Would private security guards be allowed to carry guns etc.I thought they had no more right to carry guns etc than any member of the public (even if they do like to dress to intimidate in semi paramilitary style "uniforms") What could possibly go wrong - as the saying goes !.
Before you know it they'll all be wearing Brown Shirts

I would think so. What use would they be without guns? Don't the drivers and guards in armoured bank vans have guns in the UK?
 
Would private security guards be allowed to carry guns etc.

Perhaps, I don't think the law differs in England than in N.I , it may though and it may have changed but during the 90's and possibly before a civilian in N.I could apply for and buy a PPW (personal protection weapon) normally these were civilians who worked in the construction for the M.O.D or building Police stations.
 
No ,they cannot carry weapons of any sort.They are ordinary members of the public as far as being armed is concerned(google it)
 
Let's assume you get your way and MPs don't get the security nor the money. What do you think will happen? Well, the death threats will almost certainly continue and probably scare off a lot of people who would consider a career as an MP meaning the only ones who stay in the game are either happy to take the risk going it alone (unlikely) and only those with the money to afford their own "hired goons" or can find some suitably beefy mates (like the EDL do) or, for fear of going full Godwin, create their own security force. Not necessarily the types you want in those jobs.

We live in a society where ambulance drivers and firemen routinely have bricks and bottles thrown at them, nurses are spat at and punched, teachers kicked and stabbed. This is just the state of the UK after 40+ years of right-wing rule, inequality, underfunding and division, and it is only getting worse. These moderately paid public sector workers will not be getting bodyguards.

Again it appears (thankfully) that David Amess was not killed for his political beliefs. This was not an enraged LGBT or disabled person reacting to his voting record, his party’s corruption, xenophobia etc. This appears to have been an Islamist extremist looking for someone to murder, because that’s just what these brainwashed shitheads do. If it hadn’t been the MP it would likely have been the vicar, church warden or some other equally innocent victim. You can’t protect everyone from this sort of irrational random threat.

PS It absolutely repulses me that so many are attempting a political land-grab from an admittedly awful situation. The reality is this is a terribly sad event where a religious extremist killed a man. This has happened previously. It will no doubt happen again.
 
I assume in your mind Labour is also classed as right wing, then?

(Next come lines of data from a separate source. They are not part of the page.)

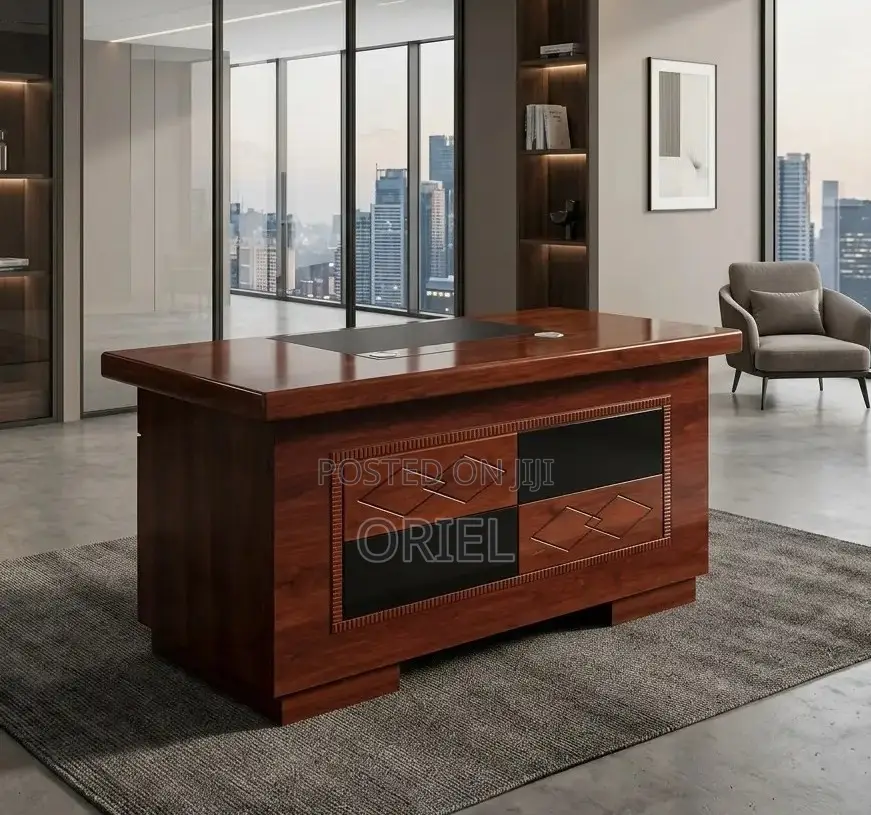 1.4 Meter Mahogany Executive Staff Desk Kenya – Modern Office Table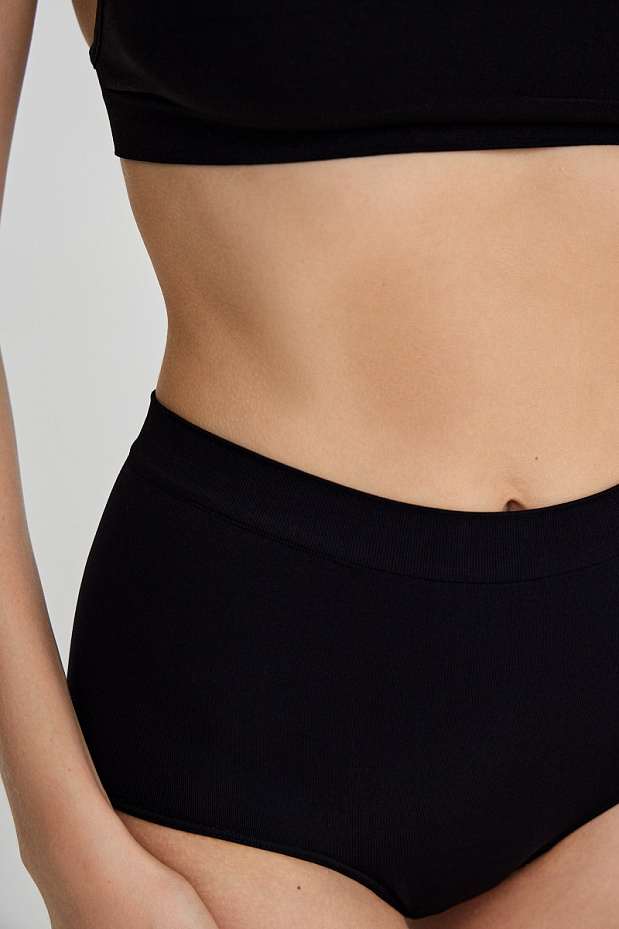 Трусы-кюлот со средней посадкой (черный)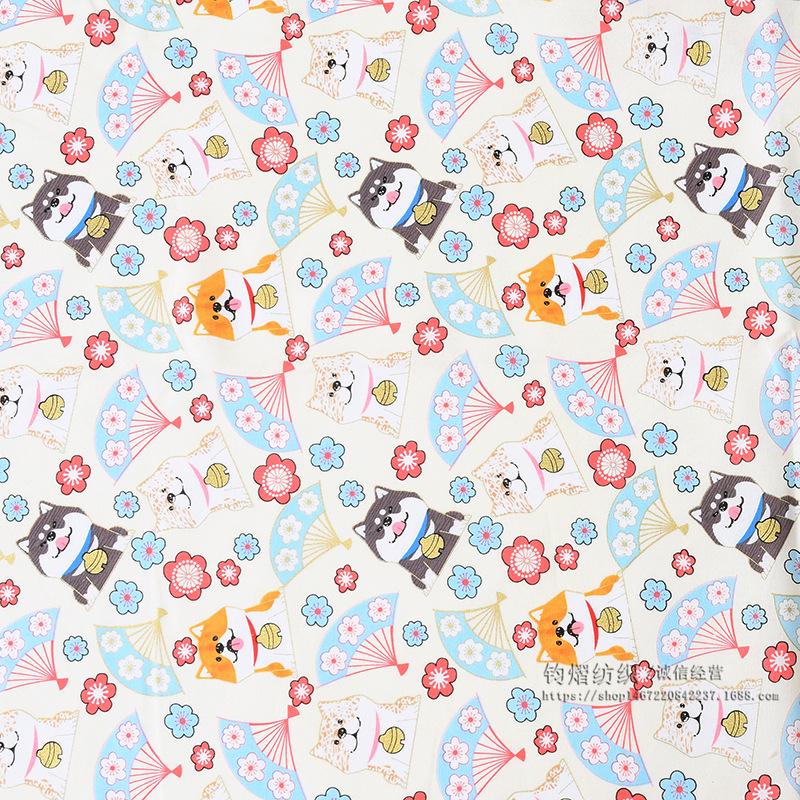 

Японская хлопковая ткань с изображением цветущей вишни для подарочной коробки ручной работы и кимоно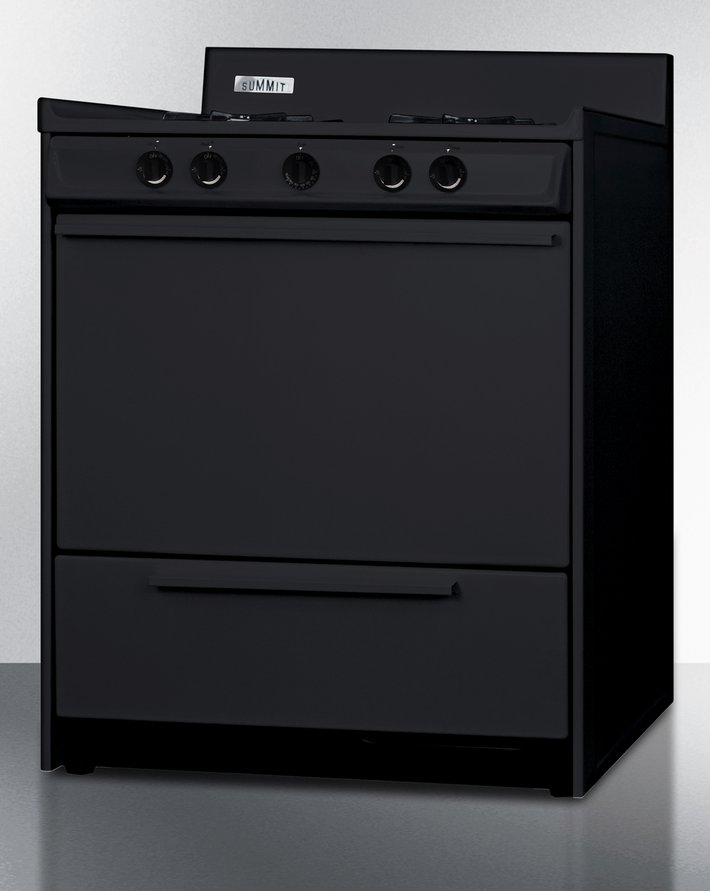 Summit 30" Wide Gas Range, Open Burners Refrigerator Accessories Summit Appliance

Yes, maybe not as hard-right as the Tories, but Blair, Straw, Blunkett etc seemed pretty right-wing and authoritarian to me. That’s the only Labour government of my voting life, so really all I can assess. I appreciate they improved the NHS and education, very noticeably, but there were a lot of remarkably bad things too. I voted for their first term and against the rest. Some of Corbyn’s ideas were left of centre, but he clearly didn’t have any sway or consensus within his party, didn’t support electoral reform, was hopelessly inadequate on Brexit etc. Starmer is just depressingly bad, cowardly nodding along with Tory nationalism, authoritarianism etc. They certainly don’t represent me as a party even though there are some decent MPs here and there on the benches.
 
We live in a society where ambulance drivers and firemen routinely have bricks and bottles thrown at them, nurses are spat at and punched, teachers kicked and stabbed. This is just the state of the UK after 40+ years of right-wing rule, inequality, underfunding and division, and it is only getting worse. These moderately paid public sector workers will not be getting bodyguards.

Again it appears (thankfully) that David Amess was not killed for his political beliefs. This was not an enraged LGBT or disabled person reacting to his voting record, his party’s corruption, xenophobia etc. This appears to have been an Islamist extremist looking for someone to murder, because that’s just what these brainwashed shitheads do. If it hadn’t been the MP it would likely have been the vicar, church warden or some other equally innocent victim. You can’t protect everyone from this sort of irrational random threat.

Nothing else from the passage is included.